Africa: Water deficits forecast to increase across the Sahel

19 February 2019

THE BIG PICTURE
The 12-month forecast through October 2019 indicates a vast stretch of intense water deficits across northern Africa from Mauritania to the Red Sea.

Deficits of varying intensity are forecast for much of the remainder of the continent including exceptional deficits in the Horn of Africa, Southern Cameroon, Equatorial Guinea, Gabon, southwestern Angola, northwestern and southwestern Namibia, and western South Africa.

Exceptional surpluses are forecast for western Tanzania, a pocket in western Mozambique, and a pocket in northern Madagascar. Surpluses of lesser intensity are expected along the Victoria Nile in Uganda, and from westernmost Democratic Republic of the Congo into northwestern Angola.

FORECAST BREAKDOWN
The 3-month maps (below) show the evolving conditions in greater detail.

The forecast through April indicates that deficits will downgrade in the southern half of the continent, becoming primarily moderate across the central breadth and mild in the south. Deficits will increase and intensify overall in the north, with moderate to extreme deficits in the Sahara and deficits reaching exceptional intensity in parts of the Sahel – notably northern Nigeria – and into western Ethiopia. Some intense deficits will linger in southern Cameroon, Equatorial Guinea, and Gabon. Exceptional surpluses will persist in western Tanzania.
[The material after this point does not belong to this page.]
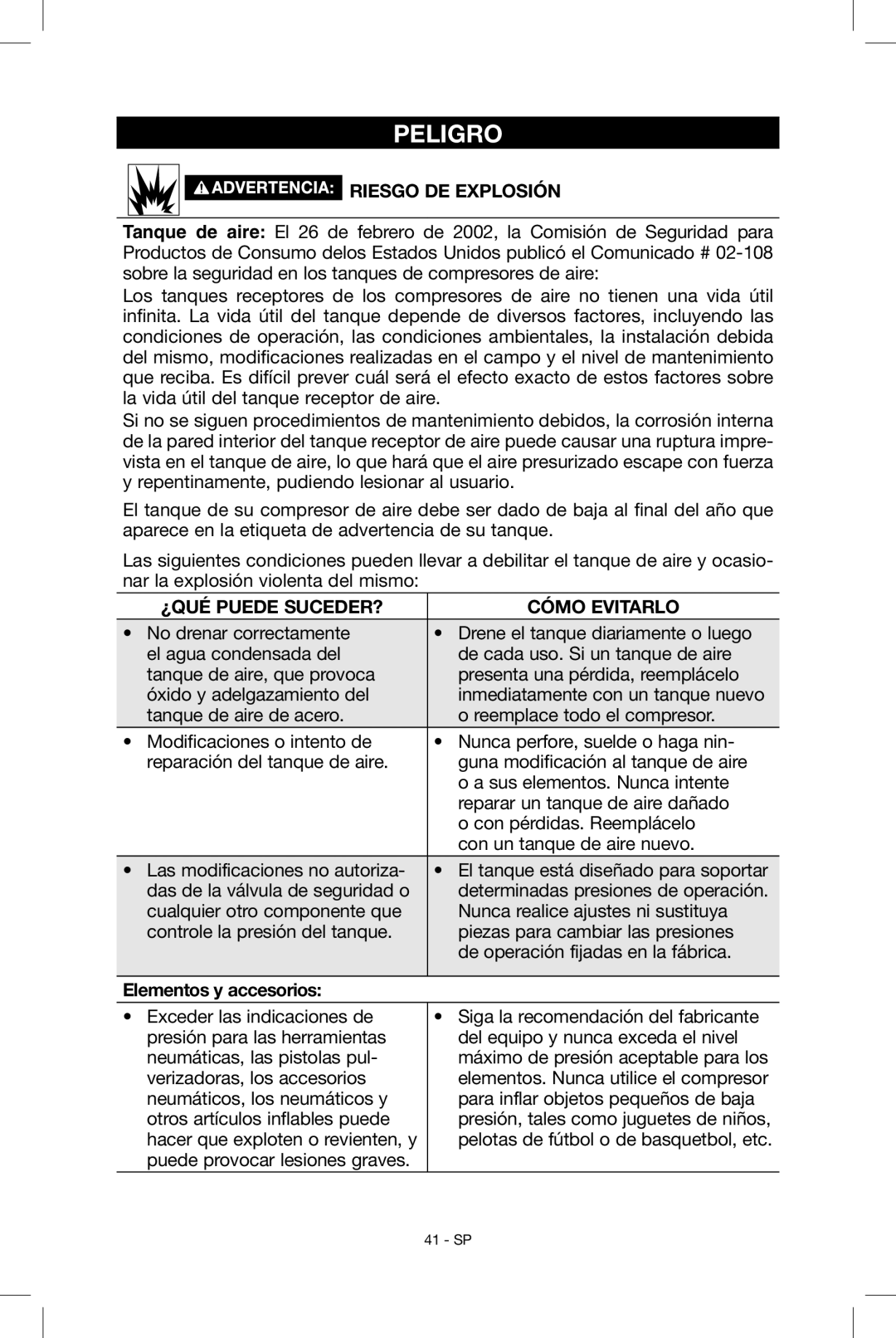 Porter-Cable C2004, N034163 instruction manual Riesgo de explosión, Elementos y accesorios 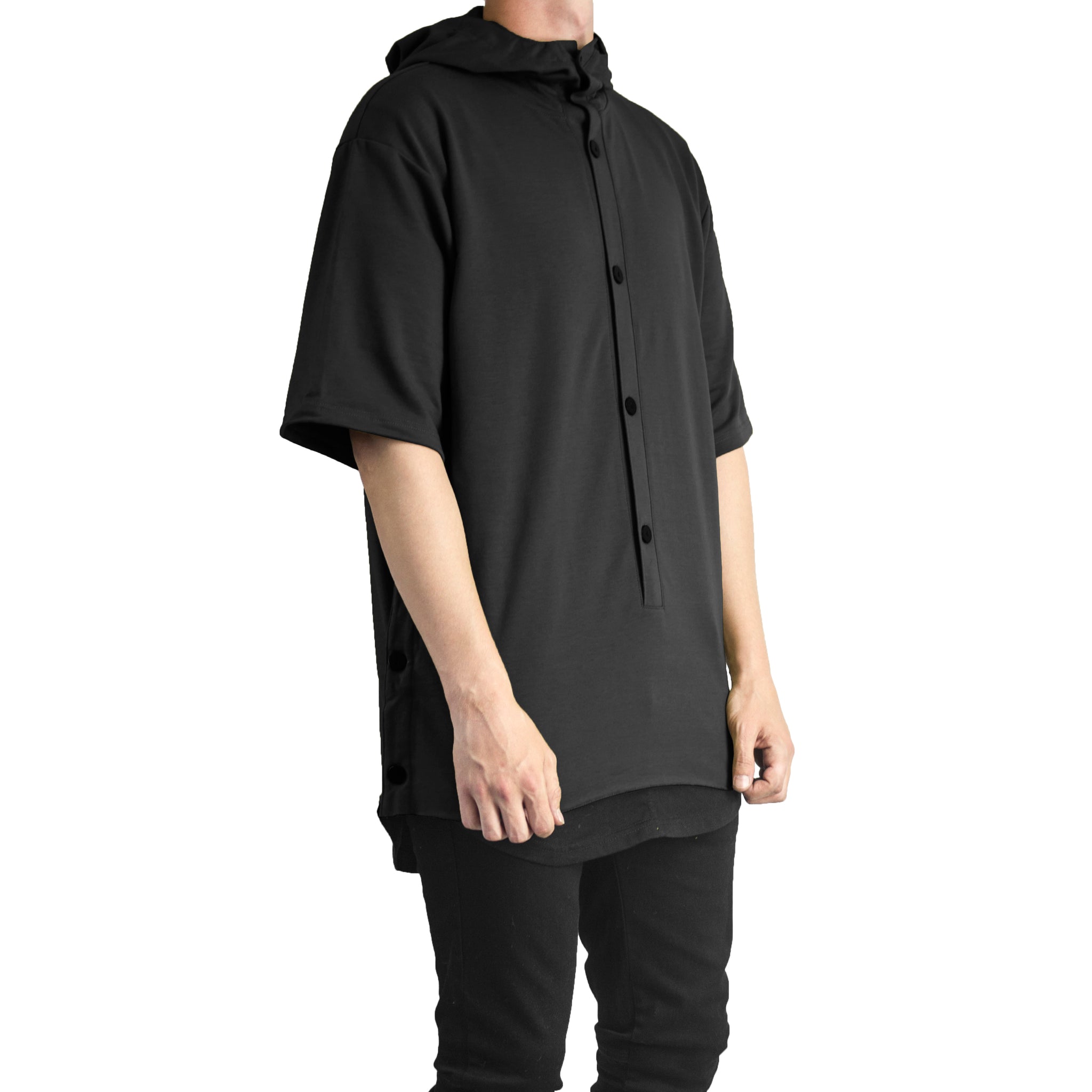 Sudadera con capucha abotonada: Negro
Surpluses of generally lesser intensity are forecast for: Liberia, Ghana, southwestern Central African Republic, the extreme south of Republic of the Congo, the Victoria Nile in Uganda and northeastern Uganda, western and southeastern Mozambique, the northern tip of Madagascar, and a few isolated pockets in South Africa.

From May through July, deficits across northern Africa will intensify with more areas of severe to exceptional deficit across the Sahara. Mild deficits are forecast in the Sahel, and mild to moderate deficits will emerge in coastal West Africa, transitioning from normal or surplus conditions. A pocket of moderate surplus will re-emerge in south-central Chad. Generally mild to moderate deficits are forecast south of the equator with more intense conditions in pockets of southern Angola, Namibia, eastern Botswana, and southern Zimbabwe. Deficits along Madagascar’s western coast will increase and intensify, with extreme to exceptional deficits forecast. Surpluses in western Tanzania will downgrade.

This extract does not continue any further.